Posts Tagged ‘Life’

19
Jan

With a twist…

   Posted by: Sandi    in Autism, Parenting

“A long time ago” must be followed by “in a galaxy far, far away.”

“Cuvvies!” is a real word…in a pretend world.

“The sense of touch” is a cue to the other participant in the various hair-playing games we have.

And every new game has its own ritual that must be followed. Every time.

“What we have?” I hear often.  “Nintendo or Sony?” When he knows very well we have both.  The questions are constant, the answers must be the same…or when they aren’t, we can laugh over “being weird” but still, he must have the reassurance that yes, the answers are always the same.  Our world is still as it was, but with a twist of humor.

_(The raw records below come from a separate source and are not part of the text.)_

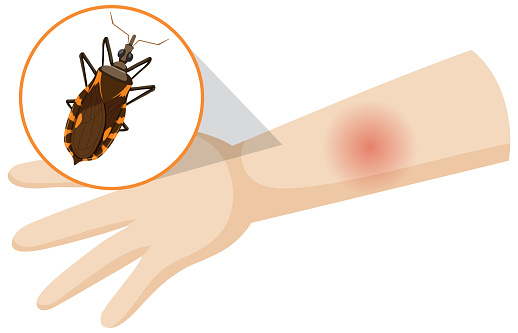 Human arm swollen from kissing bug bite illustration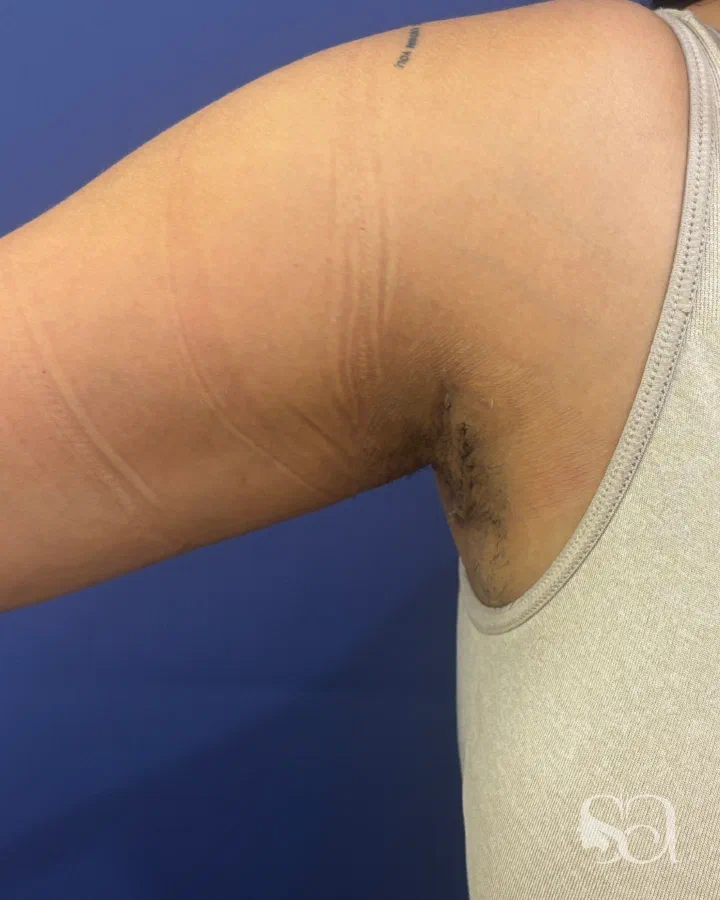 After: axillary breast removal, 9 days after surgery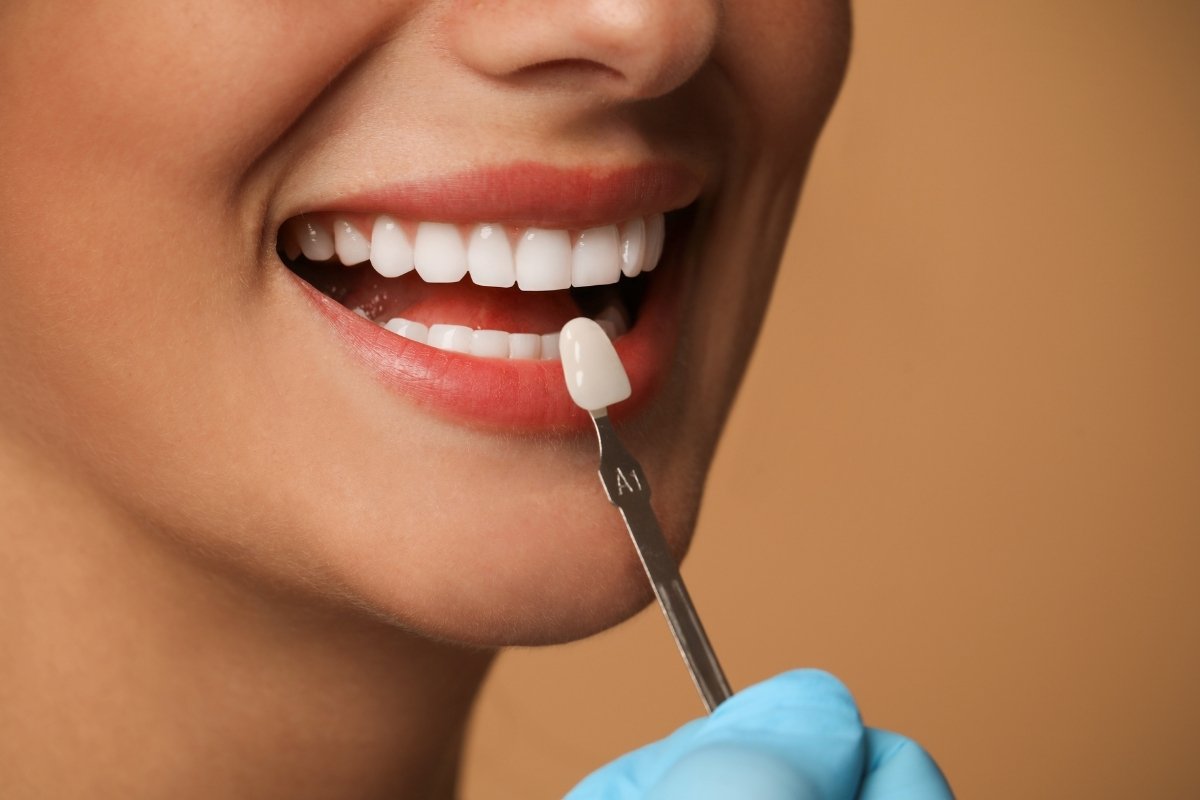 Зубные коронки GK Dental Clinic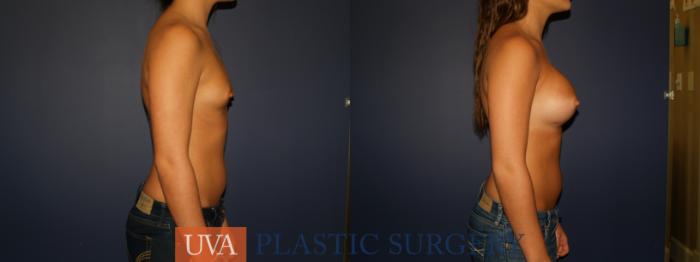 Breast Augmentation Case 74 Before & After View #3 | Charlottesville & Fishersville, VA | University of Virginia Plastic Surgery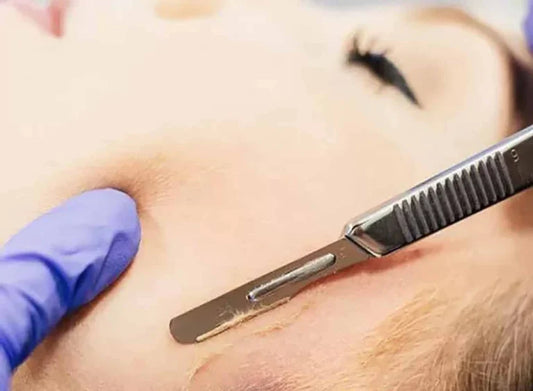 Dermaplaning add on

That saving twist of humor is what flavors my days and delights my memory.  Humor distracts a discontented boy and helps his family come out of the sometimes frustrating hours of someone for whom reason is not the same as it is for the more neuronormal mind.

“He’s tapping my hair,” leads to a circle of hair-tapping, where we count to three, and all say, at the same time, “He’s tapping my hair,” while tapping the hair of the person next to us and having our own tapped in return.

Games that involve the senses.  Games that involve patterns. Games that have rituals.  Daily interactions that take time but are also ways to bring back a little lad from an angry place, or a mental space of irritation that has no real solution.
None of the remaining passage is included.